One argument for developers is to specify that the publisher must be very experienced in the distribution of games. Of course, the publisher has to agree.
As a result, the publisher should know what types of third-party costs are involved in the distribution of games. Publishers should also have other developers that they have provided royalty reports for. Developers should consider asking publishers for a few redacted reports from other similar games. Ask for sample calculations based on these real reports and include them as exhibits to the agreement.
Hiring and new company investment
I am commonly asked about creating a “joint venture” or helping a company buy part of a project or part of another company. These are corporate transactions. They will usually be complex, with substantial legal fees and certain tax consequences.

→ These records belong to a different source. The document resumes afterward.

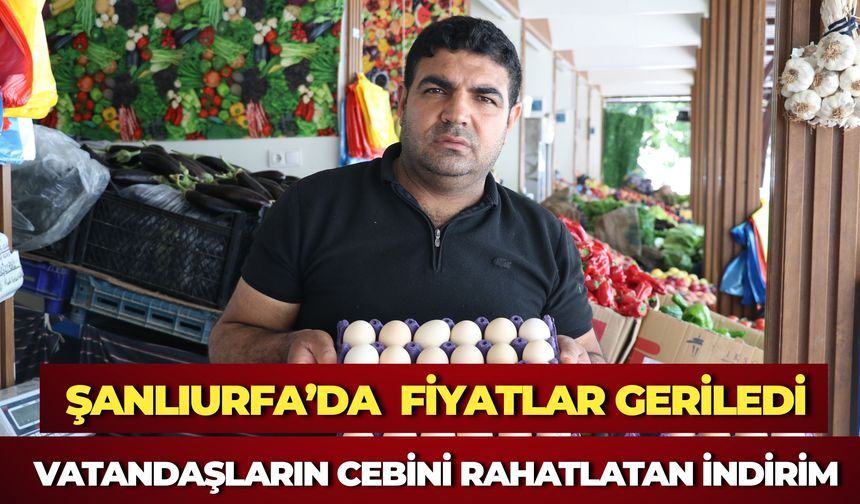 Şanlıurfa’da Yumurta Fiyatları Geriledi: Koli Fiyatındaki Düşüş Vatandaşı Rahatlattı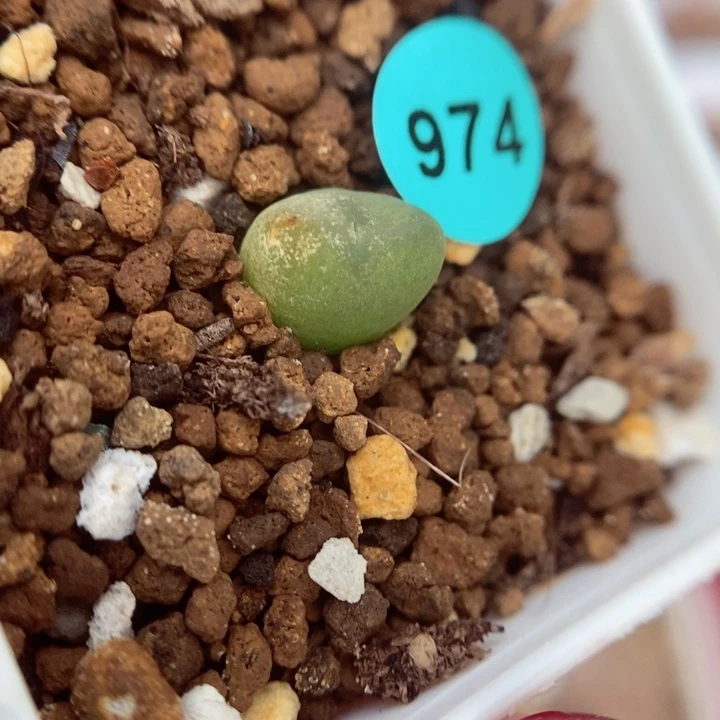 将杂（瑕疵）0.8（多肉974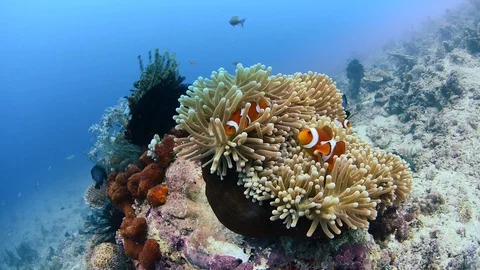 Clownfish anemone HD Stock Footage 122270774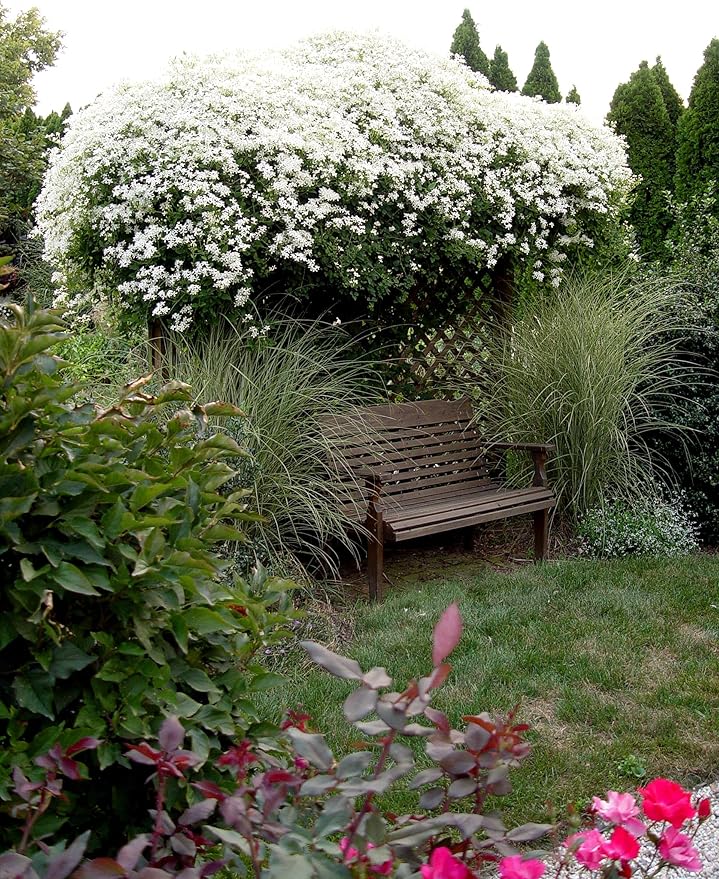 Clematis Sweet Autumn - 3 Live Plants in 4 Inch Growers Pots - Clematis 'Sweet Autumn' - Starter Plants Ready for The Garden - Beautiful White Flowering Vine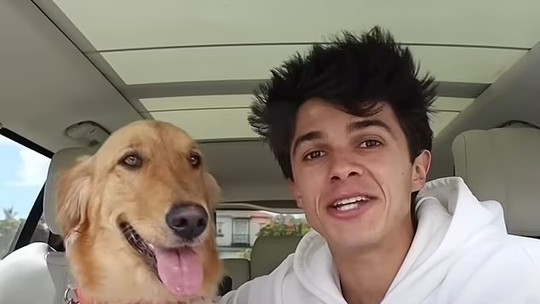 Youtuber revela que gastou 125 mil reais para construir "casa dos sonhos" para sua cadela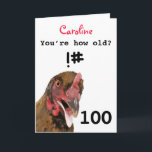 Funny insulting joke chicken 100th birthday card<br><div class="desc">🌶️ Put a smile on a face with this funny insulting age joke chicken 100th birthday card! - Simply click to personalise this design 🔥 My promises - This design has unique hand drawn elements (drawn my me!) - It is designed with you in mind 🙏 Thank you for supporting...</div>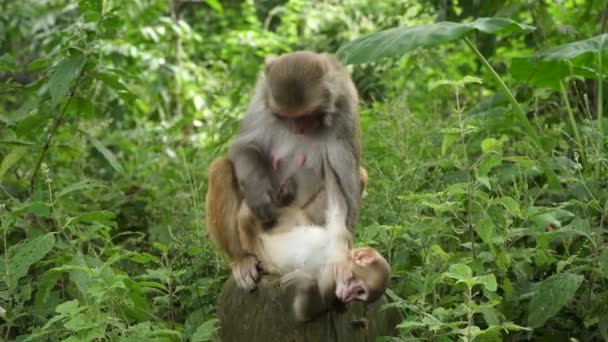 A monkey female with a cub in the jungle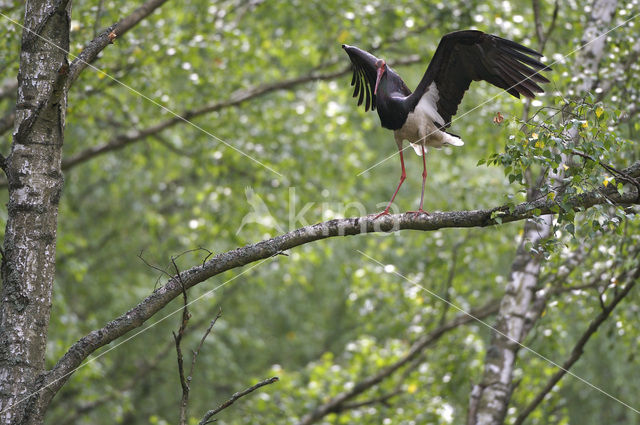 Black Stork (Ciconia nigra)
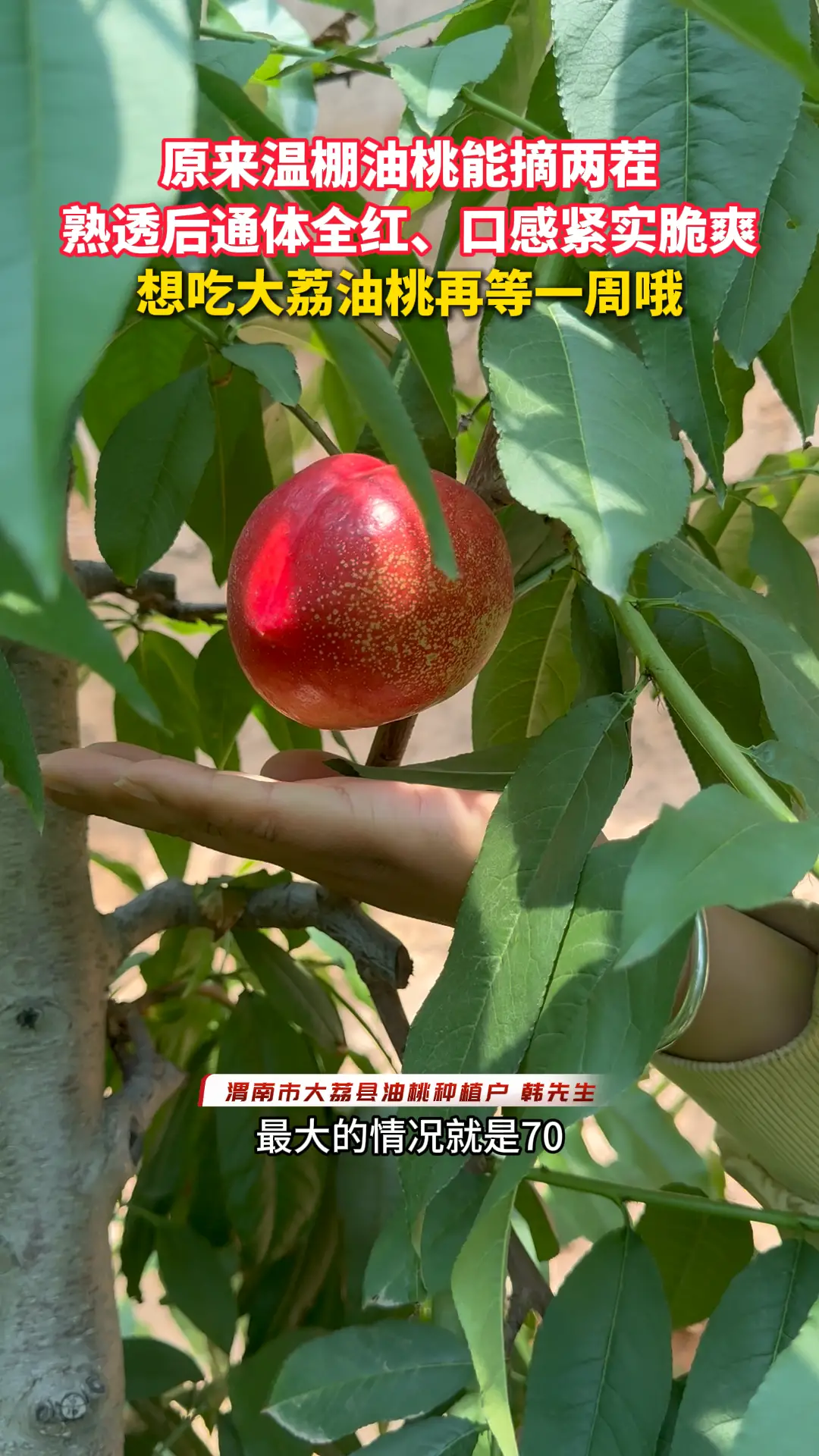原来温棚油桃能摘两茬 熟透后通体全红、口感紧实脆爽 想吃大荔油桃再等一周哦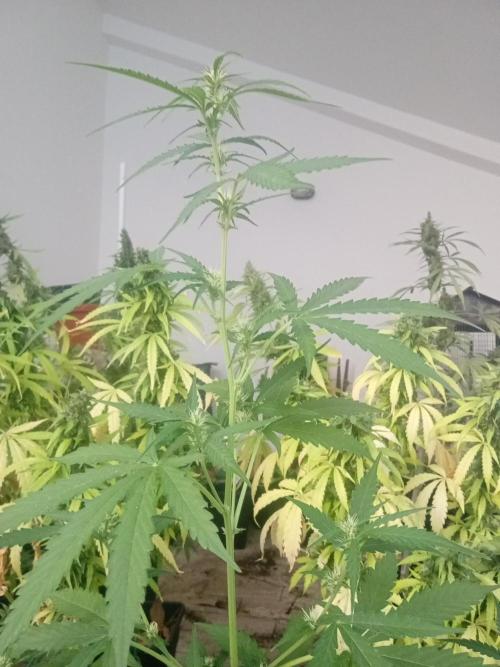 (🦍🍪 auto)"poor Summer part 3". Week 5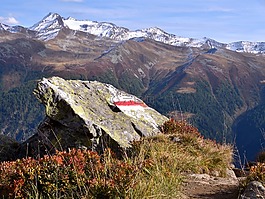 線索,山,報告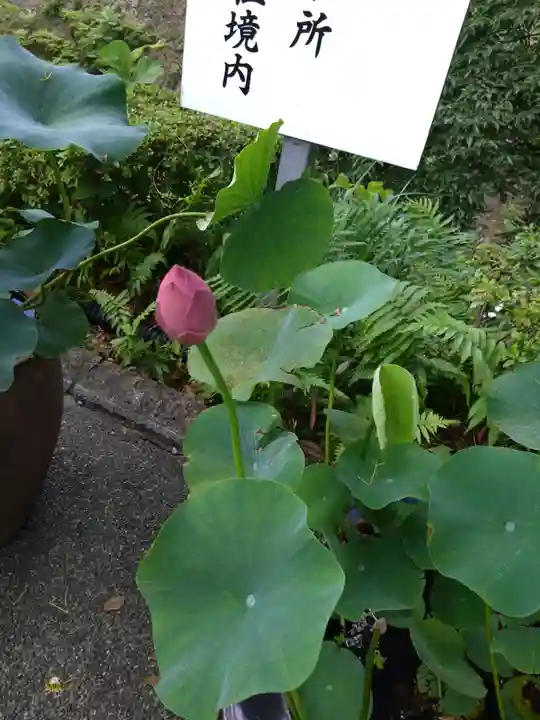 加藤神社(熊本県)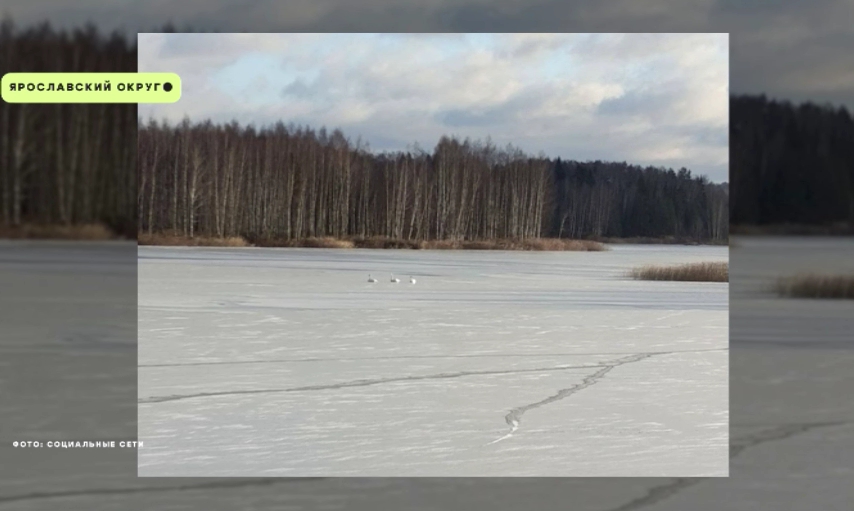 Ярославцы потребовали спасти застрявших на Климовских карьерах лебедей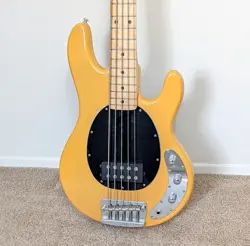 5-STRING BASS W/FENDER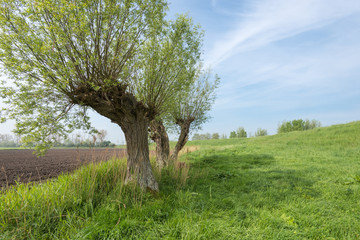 Landscape with a dike  and old willows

In some cases, this may be exactly what the clients are intending, but in many cases it is not really their intention. They do not actually have to own stock in something or options in a corporate sense, they just need the effects of ownership, like control and a revenue share. In this short section, I will propose some alternatives to corporate ownership that are useful and simple. These can be used between two different companies or individuals. They are commonly used in an employment context as well as a development context.
Start with this question: Do we really need corporate ownership? Do we want this to be a stock transaction? Do we want to deal with the tax consequences of ownership? Do we want to deal with corporate formalities like forming an entity, doing accounting for it, paying yearly taxes for it? Do we want to deal with voting and annual meetings and other corporate formalities?
In the case of large companies getting together and putting millions of dollars into a project, the answers to the questions above are usually “yes.” Large corporations work well with other corporations doing actual corporate work. The associated cost and annual filings are not a large issue for a company. However, in many cases, actual corporate work is not necessary.
If all the parties want is to assign ownership, assign control, pay back an investment, or divide up revenue, a simple IP agreement is usually enough. Imagine working with a senior consultant or investing in a game studio. In that case, even if the amount of money is in the millions of dollars, an IP agreement could be all you need. In that case, the parties can assign ownership to one party or to both parties.
They can decide where and how the project will be launched, including distribution and sequel development. They can work out the investment amounts, payment schedule, recoupment, and a royalty distribution. All of that can be done in several pages over the course of a few days to weeks. It is usually less than one-third the time and cost involved in working up corporate documents.
On a related note, consider a consultant or founder who insists on “owning” part of the company. The “simple” way to achieve this is to grant that person equity or options in a corporate sense. This is what everyone thinks of first, but it may not be best for everyone. Those shares come with a tax burden. They come with ownership rights and voting in the company. They also usually do not go away. If the person leaves after working on the project for three months, they usually still own those shares.
Instead, consider simulating equity using something called synthetic equity, or less popularly, phantom equity. The idea here is to give all the upside of equity without the downside. This is a contract right that acts just like equity if there is a sale. But, there are no voting rights and no tax burden. Also, if the person leaves or is fired, you can sunset the synthetic equity over a period. If the person works four months, leaves, and then the com- pany is sold five years later, you can set it up so that you do not owe the person anything.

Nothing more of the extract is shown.